# [TASK BRIEF]
Where a record holds a picture, leave the picture out; otherwise repeat every record exactly.

# [SOURCE RECORDS]
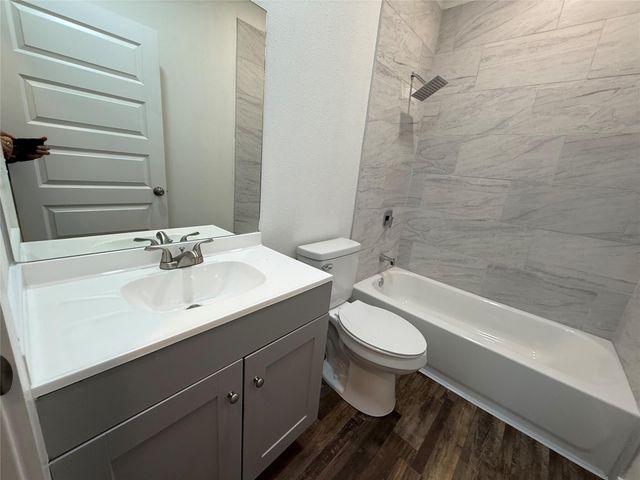 7926 Hawthorne Lane, Plantersville, TX 77363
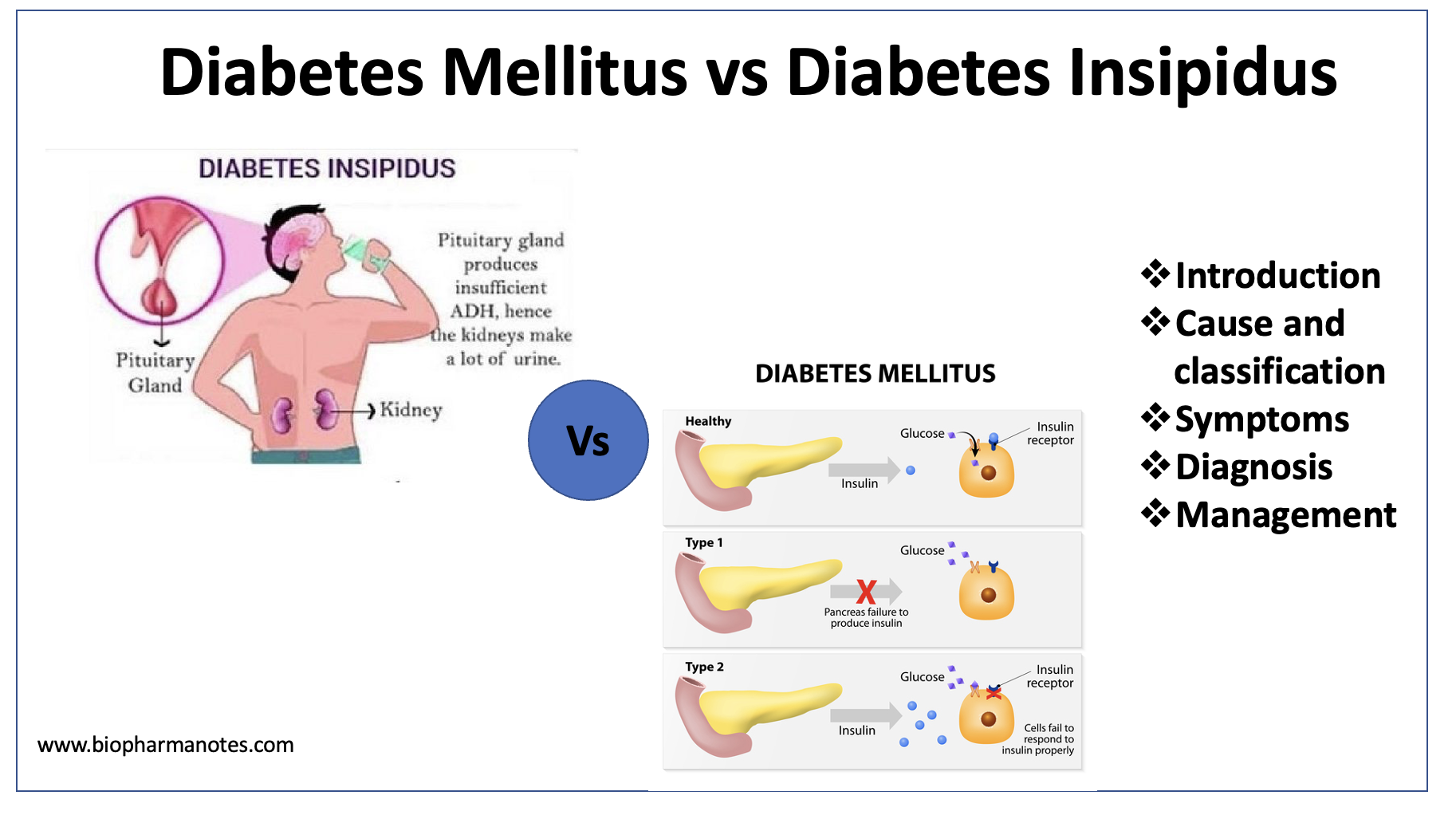 Detail Diabetes Melitus Dan Insipidus Nomer 5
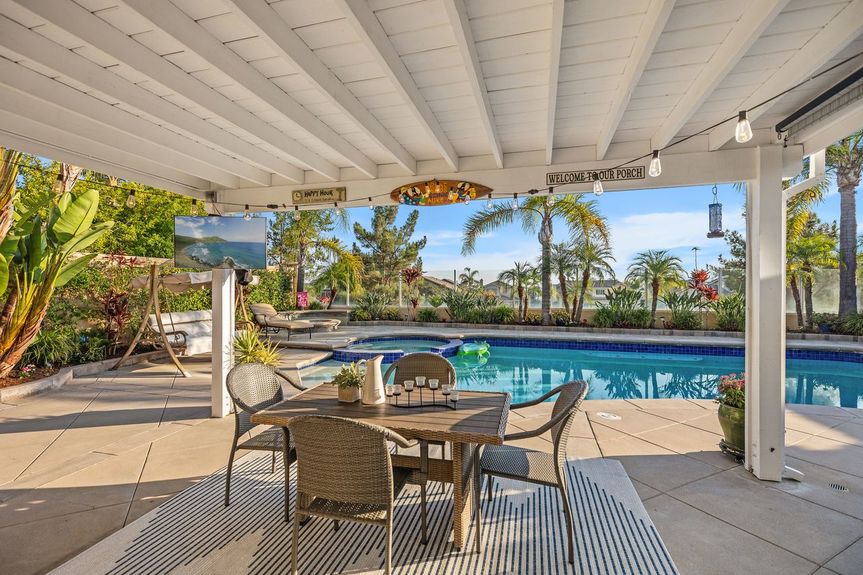 37_36_11570664_173892_173892-EI-136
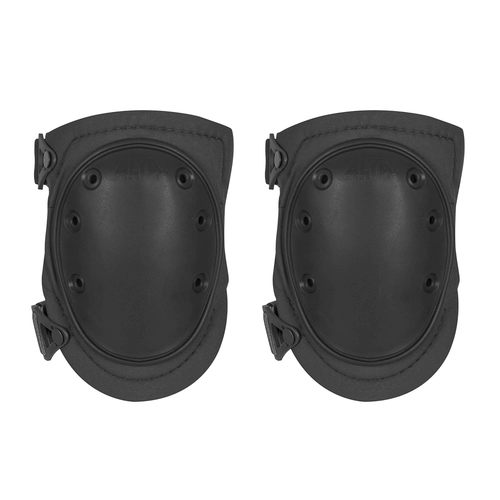 ברכיות נינג’ה לחיילים לצבא ALTAFLEX OLIVE GREEN
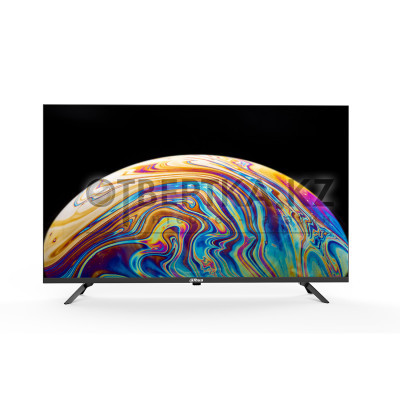 Смарт телевизор Dahua DHI-LTV43-SD200 43" FHD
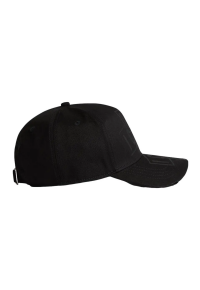 Dsquared ICON Stamp Baseball Cap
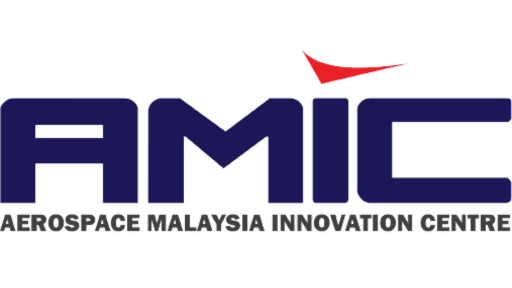 AEROSPACE MALAYSIA INNOVATION CENTRE (AMIC)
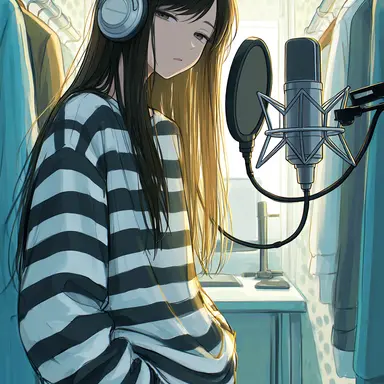 Profile image of Ao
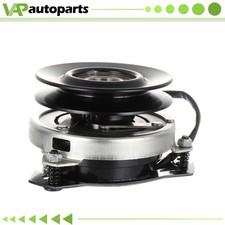 PTO Clutch Fits Warner 5215-130 Troy-Bilt 917-1709 717-1709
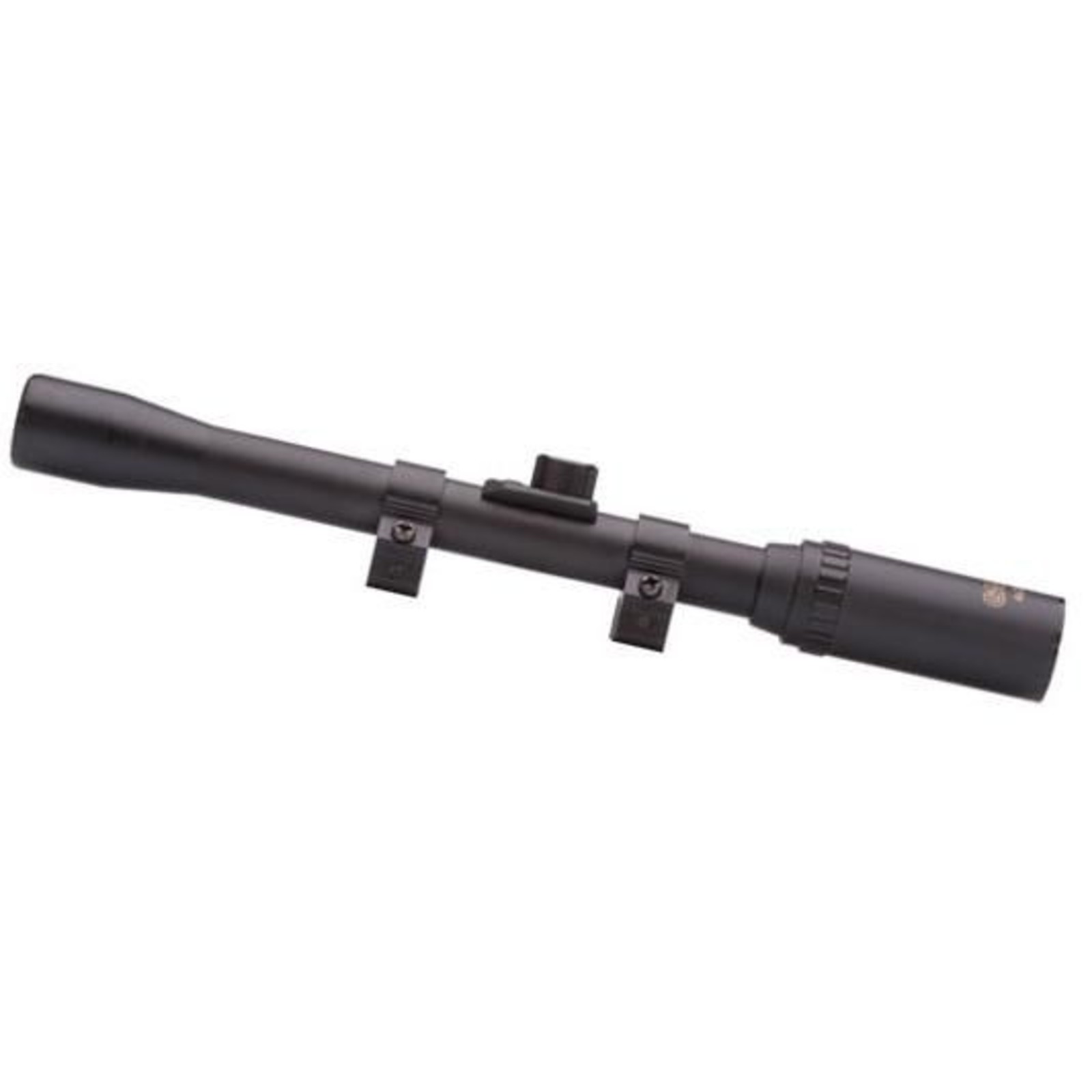 Gamo Gamo 4X20 Richtkijker voor Luchtdrukwapens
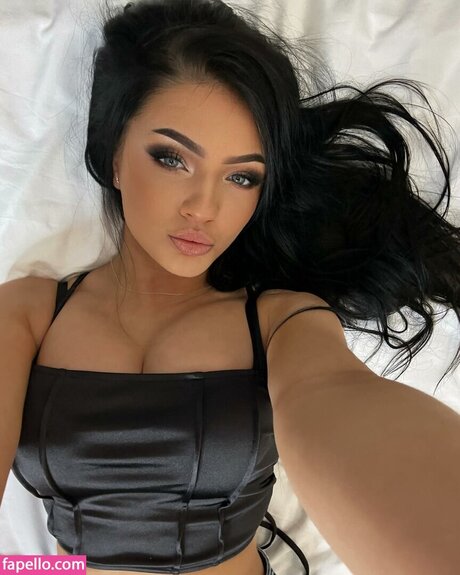 Anitkova naked leaked onlyfans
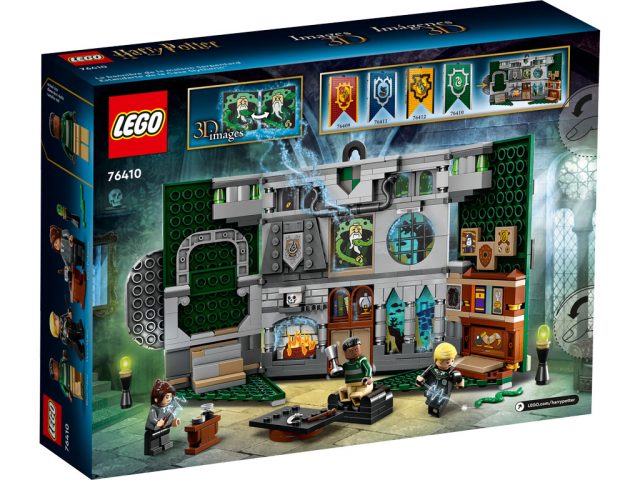 LEGO-Harry-Potter-Slytherin-House-Banner-76410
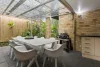 5/7 Cooper Street, Byron Bay, NSW 2481-Image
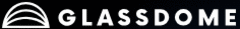 Glassdome - logo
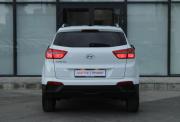 Hyundai Creta I Саратов  - изображение 32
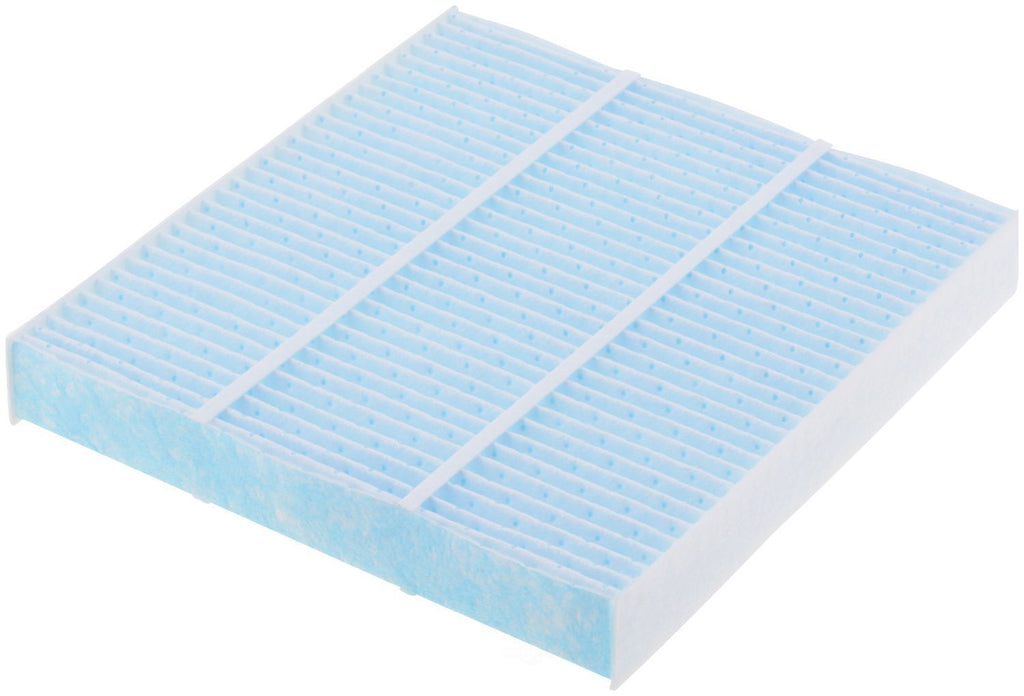Cabin Air Filter  Bosch  6030C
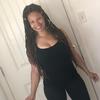 Candice Ayers - @candiceayers8 - TikTok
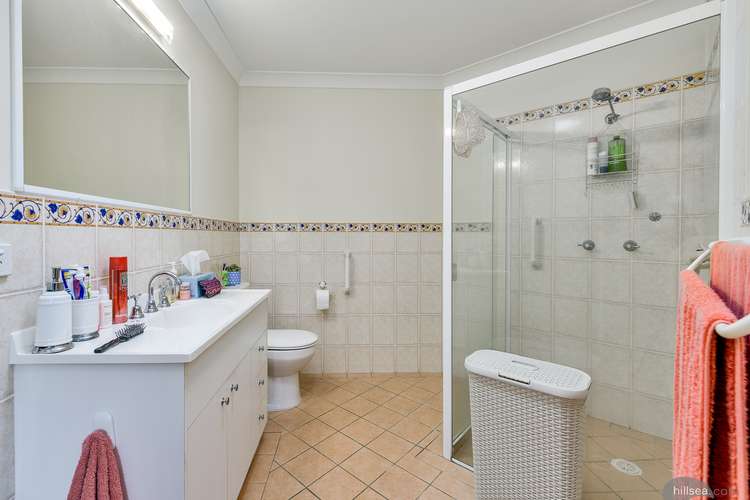 Seventh view of Homely semiDetached listing, 1/11 Tanias Place, Labrador QLD 4215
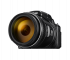Nikon Coolpix P 1000 čierny
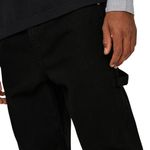104801109-Jeans-carpenter-Only---Sons-negro-denim-para-hombre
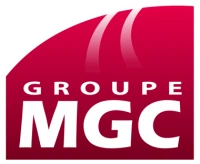 Logo MGC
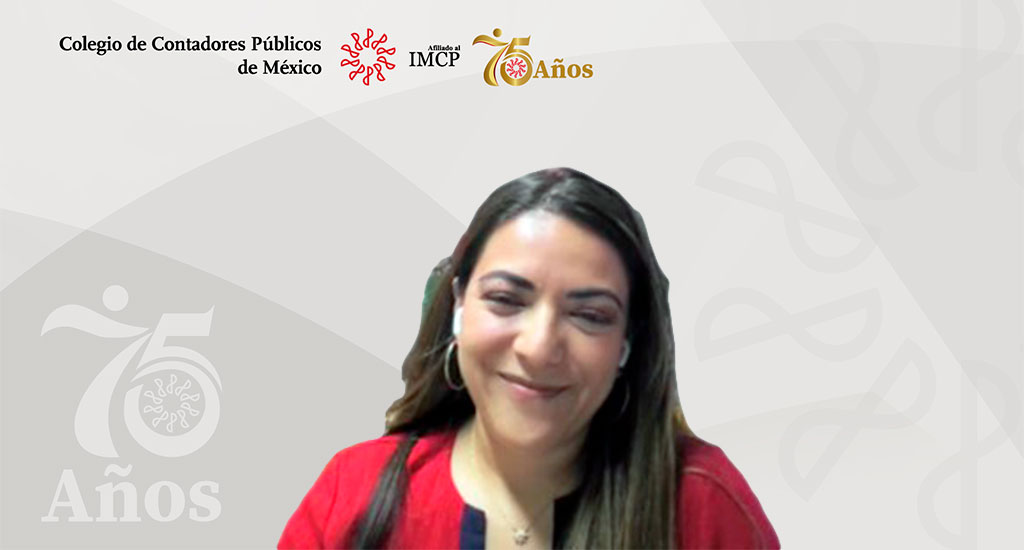 Gobierno corporativo: responsabilidades tributarias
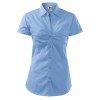 Chemise Femme Malfini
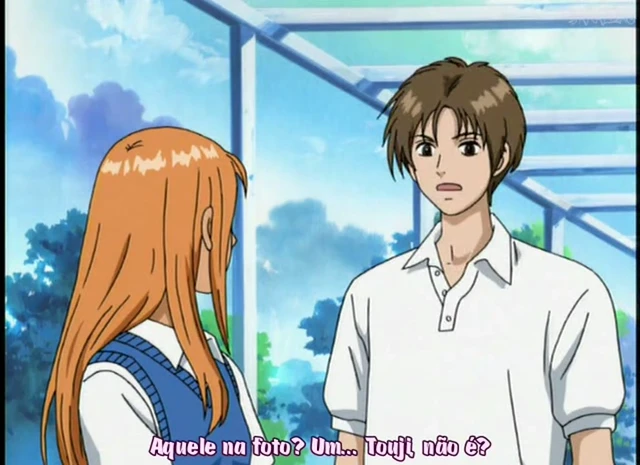 Episódio 01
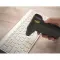 Portable turbo fan - VENTA - Anteprima 10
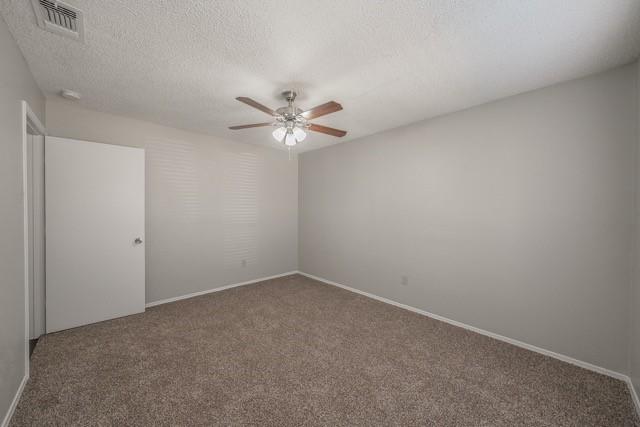 Lancaster Park 03 - Residential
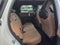 2027 MINI COUNTRYMAN SIGNATURE PLUS
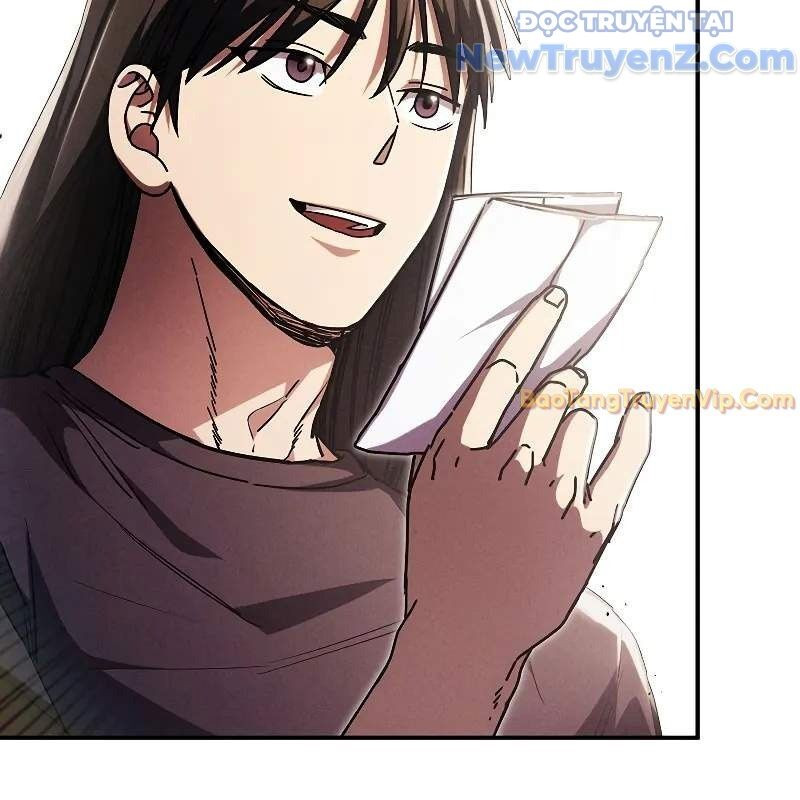 Ta Trở Thành Truyền Nhân Của Võ Thần Chapter 18 - Trang 4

# [SOLUTION TO THIS TASK]
 7926 Hawthorne Lane, Plantersville, TX 77363
 Detail Diabetes Melitus Dan Insipidus Nomer 5
 37_36_11570664_173892_173892-EI-136
 ברכיות נינג’ה לחיילים לצבא ALTAFLEX OLIVE GREEN
 Смарт телевизор Dahua DHI-LTV43-SD200 43" FHD
 Dsquared ICON Stamp Baseball Cap
 AEROSPACE MALAYSIA INNOVATION CENTRE (AMIC)
 Profile image of Ao
 PTO Clutch Fits Warner 5215-130 Troy-Bilt 917-1709 717-1709
 Gamo Gamo 4X20 Richtkijker voor Luchtdrukwapens
 Anitkova naked leaked onlyfans
 LEGO-Harry-Potter-Slytherin-House-Banner-76410
 5/7 Cooper Street, Byron Bay, NSW 2481-Image
 Glassdome - logo
 Hyundai Creta I Саратов  - изображение 32
Cabin Air Filter  Bosch  6030C
 Candice Ayers - @candiceayers8 - TikTok
 Seventh view of Homely semiDetached listing, 1/11 Tanias Place, Labrador QLD 4215
Nikon Coolpix P 1000 čierny
104801109-Jeans-carpenter-Only---Sons-negro-denim-para-hombre
 Logo MGC
 Gobierno corporativo: responsabilidades tributarias
 Chemise Femme Malfini
 Episódio 01
 Portable turbo fan - VENTA - Anteprima 10
 Lancaster Park 03 - Residential
 2027 MINI COUNTRYMAN SIGNATURE PLUS
 Ta Trở Thành Truyền Nhân Của Võ Thần Chapter 18 - Trang 4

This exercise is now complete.